At the most basic level, the job of a child care facilitator involves helping families locate quality child care facilities for their children. The job involves building relationships with various community groups, providing access to information, and ensuring all recommended child care centers are safe and appropriate.
Building and Maintaining Community Relationships
In order to provide families with information about child care facilities available to them, the facilitator must keep her finger on the pulse of the available resources in the community. She must build relationships with social services agencies that families can turn to for funding or support, such as county or state family resource centers, for example. In some jobs, the facilitator may also be responsible for helping families apply for child care assistance or may assess applications to determine whether a family is eligible for assistance. The focus of the facilitator's attention includes home day cares, preschools and aftercare programs.
Site Visits and Assessments
Before a facilitator can recommend a child care center, he may be responsible for inspecting the facility for compliance with all applicable child care laws.

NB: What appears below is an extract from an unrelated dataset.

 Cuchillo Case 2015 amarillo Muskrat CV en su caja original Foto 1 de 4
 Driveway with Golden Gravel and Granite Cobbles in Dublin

That might include ensuring the presence of smoke detectors and fire extinguishers, as well as completion by facility managers of paperwork required to secure a state license. If the facility is not in compliance, the facilitator may help the managers follow the steps needed to pass the inspections. The facilitator may also help child care facilities develop an age-appropriate curriculum or review existing curriculum materials.
Providing Information to Families
Armed with the knowledge of the available local resources, the child care facilitator disseminates the information to families. This might include creating posters and flyers about child care facilities to be put up in the office where the facilitator receives families. The facilitator might help maintain a website offering information about current child care openings or the application processes, and may also attend outreach events to recruit families. The facilitator may also make other resources available to families at the office, such as a lending library of books on healthy parenting or child care topics.
To become a child care facilitator, you'll typically need a bachelor's degree in child development, early childhood education or a related field. Having experience in case management or in managing others can also help, as the job may require working closely with families in crisis as well as managing a support staff. In general, the job requires patience, organization, and strong communication skills. While the U.S. Bureau of Labor Statistics does not publish salary data on child care facilitators, according to the jobs website Indeed, child care facilitators earned an average salary of $39,000 as of the date of publication.